Locals get fit from reality show-inspired program

By Johnny Jackson

jjackson@henryherald.com

Dan Hanekamp has resolved to make this new year a bit healthier than last year.

He plans to take part in the Second Annual Biggest Achiever at Gold's Gym in McDonough. The Biggest Achiever Program, inspired by NBC's Biggest Loser series, returns this year by popular demand, said the program's creator, Susan Viar. "I think that the television show, 'Biggest Loser,' gets a lot of people's attention," said Viar, also a fitness director at Gold's Gym.

Viar and fitness instructors, Priscilla Gramling and Kathy Blackwell, designed the fitness program to not only help participants shed pounds, but to promote healthier living among those in the program.

The program is a two-layered fitness competition that builds in intensity over the span of eight or 11 weeks in time - whichever the participants prefer. Participants compete through collecting points by recording their healthier diet plans and engaging in various types of fitness training at the gym.

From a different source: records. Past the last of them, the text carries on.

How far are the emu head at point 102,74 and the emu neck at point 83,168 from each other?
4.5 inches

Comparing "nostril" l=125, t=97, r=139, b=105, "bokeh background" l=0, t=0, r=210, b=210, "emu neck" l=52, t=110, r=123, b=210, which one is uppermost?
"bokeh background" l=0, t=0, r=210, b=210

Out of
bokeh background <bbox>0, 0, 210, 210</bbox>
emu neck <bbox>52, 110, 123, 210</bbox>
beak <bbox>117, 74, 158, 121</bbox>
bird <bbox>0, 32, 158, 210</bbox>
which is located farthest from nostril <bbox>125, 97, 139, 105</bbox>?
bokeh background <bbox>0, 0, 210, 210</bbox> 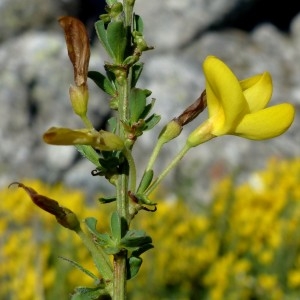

"It's changing lifestyles," Viar said. "Weight-loss is going to come. It's going to happen, because we build them up to that. But that's not the end all-be all. We want people to make positive choices when they eat, and we want them to get into an exercise routine - something that they can stick with."

About 80 people participated in last year's program, which was the first. Leonard Lawrence, of McDonough, was one of them. The 46-year-old, electric-utility analyst said he lost 88 pounds in less than a year. On Dec. 20, 2007, Lawrence measured in at 6-feet, 6-inches tall, and 320 pounds. By August 2008, he weighed in at 232 pounds.

"My goal was to lose 80 pounds by August, and I lost 88," he said. "I wanted to get fit, and the biggest thing was to lose weight."

Lawrence dove into the program, putting in hours at the gym in order to acclimate himself to exercising regularly. "As a part of that process, one of the cycles I went through was the 'Biggest Achiever' process," he said. "I would simply work out and run."

Before the process, he said, he had poor eating habits. "For the most part, I ate whatever I wanted to eat, and I did not complement that with working out. During the process, I began watching what I was taking in, and I upped what I was eating to five meals a day to improve my metabolism."

Lawrence, who has two children with his wife, Renee, now lifts weights, adheres to a strict diet, and participates in group aerobics classes. He credits the program's staff, and his family's support, for his continued success in healthy living. "You've got to have people around you who've bought into what you're trying to achieve."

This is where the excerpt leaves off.